RALEIGH (February 22, 2024) – The North Carolina Justice Center is alarmed by the North Carolina Supreme Court’s decision to rehear its own landmark decision in Leandro IV by considering arguments that were clearly decided by the same Court in November, 2022. Nothing about this case has changed factually or procedurally in this short period of time to justify such a hearing, and children’s needs have only grown. The decision to rehear this case is procedurally inappropriate and could cause irreparable harm to the integrity of our state’s judicial system as well as our public schools and early childhood education system.

As Justice Earls stated in her dissent to the decision to rehear this case, “This Court resolved the question of subject-matter jurisdiction in Leandro IV… In that case —just 11 months old—the Legislative-Intervenors raised the same arguments they do in their bypass petition: That the trial court lacked jurisdiction to remedy constitutional deficiencies in public education. We examined that claim and ‘unequivocally rejected’ it.”

Even more important, this rehearing constitutes part of a pattern of obstruction and denial of the resources needed to uphold the constitutional right to educational opportunities for our state’s children that stretches from the statehouse, to the courthouse, to the classroom. This pattern has persisted for almost three decades and has been accelerated by the state’s most recent, woefully inadequate education budget that diverts scarce resources to wealthy families whose children already attended private schools that remain inaccessible to working class families.

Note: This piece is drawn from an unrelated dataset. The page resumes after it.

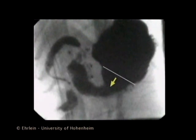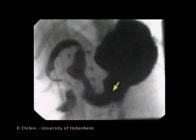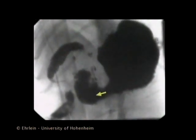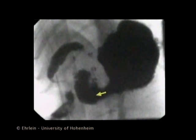Another peristaltic wave of the gastric body propelling a bolus towards the antral pump. The aboral transfer of the bolus can be clearly seen. Reaching the proximal antrum, the peristaltic constriction becomes deeper.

The only thing that has happened in the intervening year is that the challenges facing our schools, communities, and children have remained unmet. The investments and policies outlined in the Leandro Comprehensive Remedial Plan released in January of 2020 are desperately needed given the extraordinary challenges our schools face. Following decades of underinvestment, the impact of the pandemic on learning loss and burgeoning mental health needs, teacher and staffing shortages in all districts across the state, and a mounting crisis in our early childhood systems, our education system is truly in jeopardy. North Carolina’s public schools desperately need the constitutionally required resources owed to them.

We respectfully urge the Court to follow its own precedent and provide relief to North Carolina’s children immediately.